Figure 6. Performance of the fossilized birth–death (FBD) model obtained under nonuniform fossil recovery assuming the number of fossil samples is known. In this set of experiments, the model used for simulation violates the model used for inference. Results are shown for analyses excluding (ρ = 0) and including (ρ = 1) extant singletons. Rows show results obtained for speciation (λ) and extinction (μ). Columns show results obtained under different nonuniform sampling scenarios, where sampling increases (0.01  → 0.99) or decreases (0.99  → 0.01) linearly toward the present. In each box, the x-axis represents turnover and the y-axis represents coverage (the proportion simulation replicates out of 100 that contain the true value). The dashed line highlights the 0.95 coverage level.

Figure 7

Figure 7. Comparison between different approaches to estimating speciation (λ) and extinction (μ) rates assuming the number of fossil samples is known. Results are shown for low (A, r = 0.1), medium (B, r = 0.5), and high (C, r = 0.9) turnover. Each column shows results obtained at different sampling probabilities (per-interval sampling probability PS = 0.1, 0.5, or 0.99). For each box, the y-axis represents the percentage error of the median estimate (birth–death [BD] and fossilized birth–death [FBD] approaches) or the point estimate (all other approaches) averaged across 100 simulation replicates. The best (lowest) and worst (highest) percentage error are highlighted for each turnover and sampling scenario. Analysis using the FBD model includes extant singletons (ρ = 1). Results obtained excluding extant singletons are shown in Supplementary Fig.

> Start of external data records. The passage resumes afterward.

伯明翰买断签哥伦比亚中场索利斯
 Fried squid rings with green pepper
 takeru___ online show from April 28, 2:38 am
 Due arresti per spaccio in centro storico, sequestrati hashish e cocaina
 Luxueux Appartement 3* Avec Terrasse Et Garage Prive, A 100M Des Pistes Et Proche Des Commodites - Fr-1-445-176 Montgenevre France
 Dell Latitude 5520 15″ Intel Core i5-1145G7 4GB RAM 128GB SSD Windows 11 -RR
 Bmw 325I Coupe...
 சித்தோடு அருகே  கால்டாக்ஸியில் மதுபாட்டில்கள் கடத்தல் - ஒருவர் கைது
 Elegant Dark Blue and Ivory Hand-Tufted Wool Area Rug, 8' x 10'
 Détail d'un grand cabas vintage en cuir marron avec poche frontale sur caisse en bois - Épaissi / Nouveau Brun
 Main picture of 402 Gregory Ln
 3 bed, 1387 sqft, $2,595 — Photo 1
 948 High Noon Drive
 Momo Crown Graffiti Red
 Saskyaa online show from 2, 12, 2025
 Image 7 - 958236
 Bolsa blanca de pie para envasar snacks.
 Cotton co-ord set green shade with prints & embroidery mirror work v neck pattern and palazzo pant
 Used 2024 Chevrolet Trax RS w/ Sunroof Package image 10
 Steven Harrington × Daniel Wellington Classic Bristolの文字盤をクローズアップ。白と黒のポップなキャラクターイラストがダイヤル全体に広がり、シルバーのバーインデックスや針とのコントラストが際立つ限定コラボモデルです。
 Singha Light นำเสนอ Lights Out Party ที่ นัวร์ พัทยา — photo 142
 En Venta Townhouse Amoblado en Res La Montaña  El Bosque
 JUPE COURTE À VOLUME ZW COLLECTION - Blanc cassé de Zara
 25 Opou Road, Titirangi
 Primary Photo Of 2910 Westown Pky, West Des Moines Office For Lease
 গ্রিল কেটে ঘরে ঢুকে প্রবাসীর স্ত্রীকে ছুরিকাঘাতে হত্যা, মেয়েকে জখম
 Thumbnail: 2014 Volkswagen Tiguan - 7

S3.

Figure 8

Figure 8. Comparison between different approaches to estimating speciation (λ) and extinction (μ) rates assuming only sampled-in-bin data are available. Results are shown for low (A, r = 0.1), medium (B, r = 0.5), and high (C, r = 0.9) turnover. Each column shows results obtained at different levels (per-interval sampling probability PS = 0.1, 0.5, or 0.99). For each box, the y-axis represents the percentage error of the median estimate (birth–death [BD] and fossilized birth–death [FBD] approaches) or the point estimate (all other approaches) averaged across 100 simulation replicates. The best (lowest) and worst (highest) percentage error are highlighted for each turnover and sampling scenario. Analysis using the FBD model includes extant singletons (ρ = 1). Results obtained excluding extant singletons are shown in Supplementary Fig. S4.

Figure 9

Figure 9. Comparison between the proportion of sampled taxa incorporated into rate estimation using different methods. BD, birth–death; FBD, fossilized birth–death. Relts are shown for low (A, r = 0.1), medium (B, r = 0.5), and high (C, r = 0.9) turnover. Each column shows results obtained at different sampling probabilities (per-interval sampling probability PS = 0.1, 0.5, or 0.99). For each box, the y-axis represents the proportion of the total number of species included in the analysis averaged across 100 replicates. For the FBD analysis, results are shown for analyses excluding (ρ = 1) and including (ρ = 0) extant singletons.